Multi-view surface reconstruction, the task of recovering accurate surfaces from multi-view images, has shifted in recent years from classical shape-from-X pipelines that rely on handcrafted feature matching, to fast, data-driven stereo/multi-view stereo correspondence models and emerging 3D foundation models. In parallel, implicit 3D representations such as Neural Radiance Fields and Gaussian Splatting (GS) have revolutionized novel view synthesis, with GS in particular achieving incredible speed and rendering quality. However, extracting reliable geometry from an appearance-only optimized GS representation is a challenging task. Prior works attempt to inject heuristic and/or data-driven geometric priors during the GS optimization phase, often resulting in a tradeoff between rendering quality and geometric accuracy.
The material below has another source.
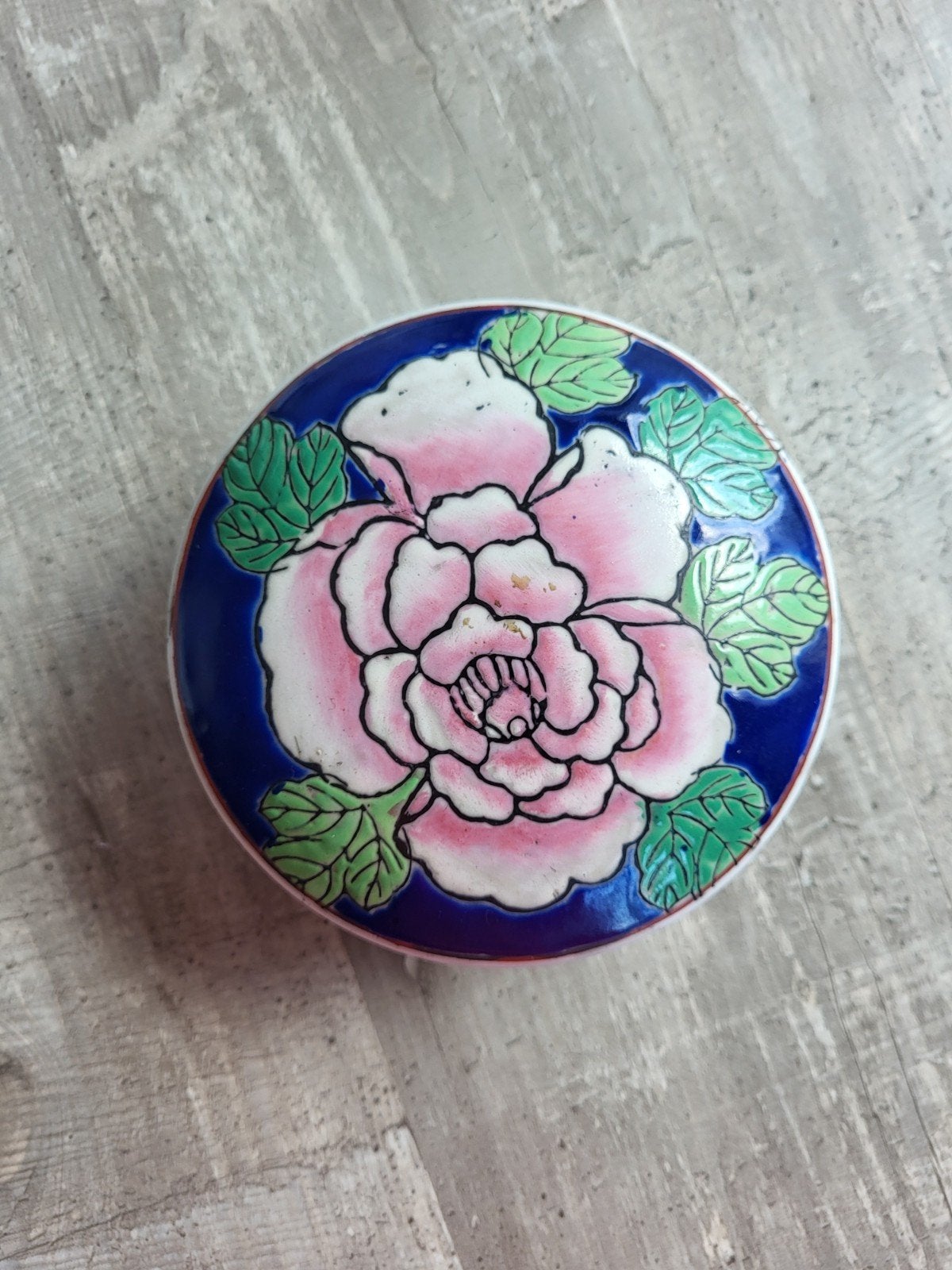 Vintage Chinees Porseleinen Doosje met Bloemdecoratie, Ophalen of Verzenden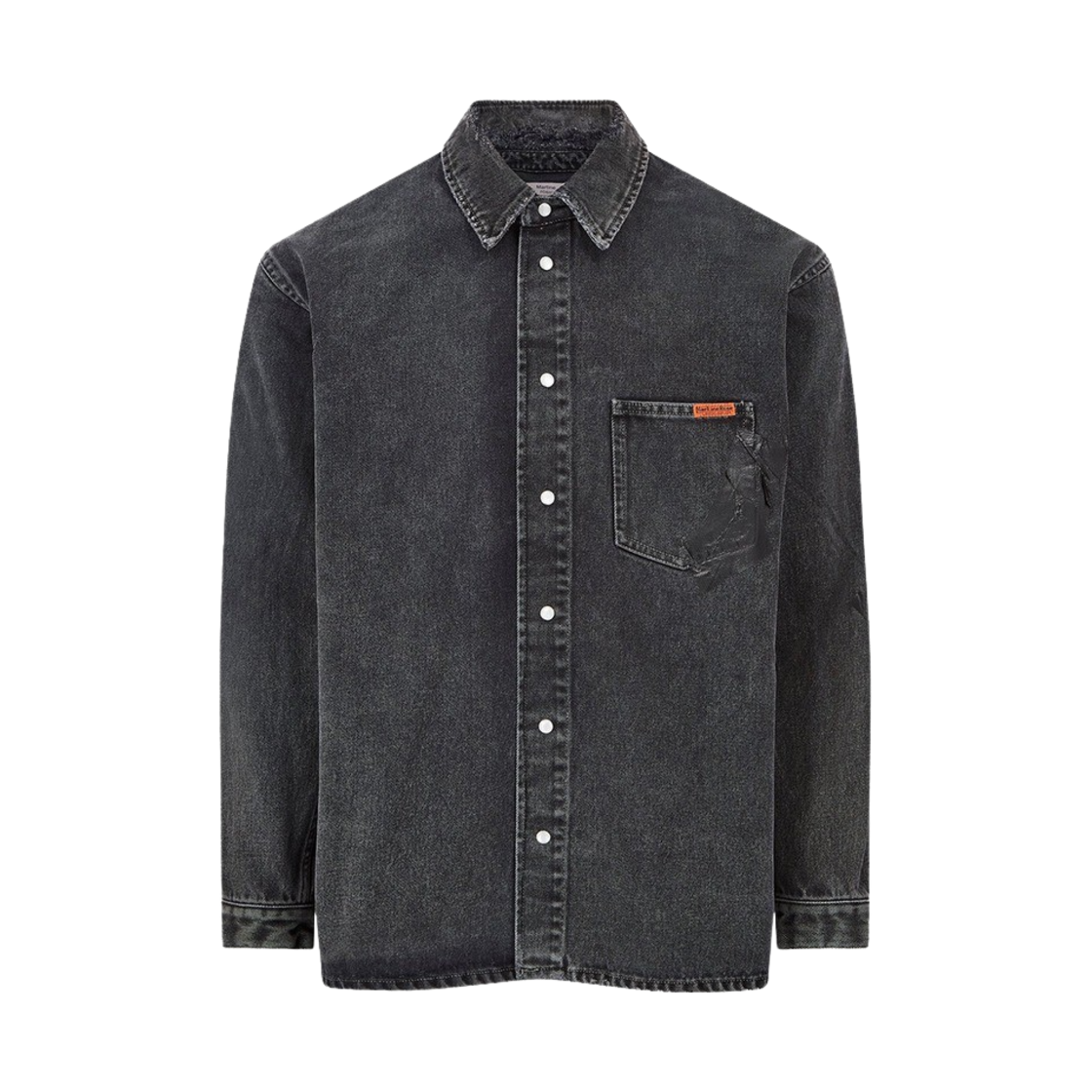 KM4BSHLMR09RG Martine Rose Denim Overshirt Black Wash Gaffer Tape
We propose to avoid this tradeoff, and introduce GS2Mesh, a novel method for incorporating data-driven priors into GS, in a manner that not only avoids damaging the rendering quality, but actually uses the rendering quality to improve the geometric quality. We compose a novel pipeline, in which a fully optimized GS representation is used to manipulate the original multi-view monocular input, into a multi-view consistent stereoscopic input, from which a pre-trained data-driven stereo model can extract accurate geometry. Our pipeline is model-agnostic, and can naturally improve as newer GS and stereo models emerge.
We show how GS and stereo work well with each other, and demonstrate our method’s state-of-the-art performance both in speed and accuracy on popular 3D reconstruction benchmarks, as well as on in-the-wild videos taken by a standard smartphone camera.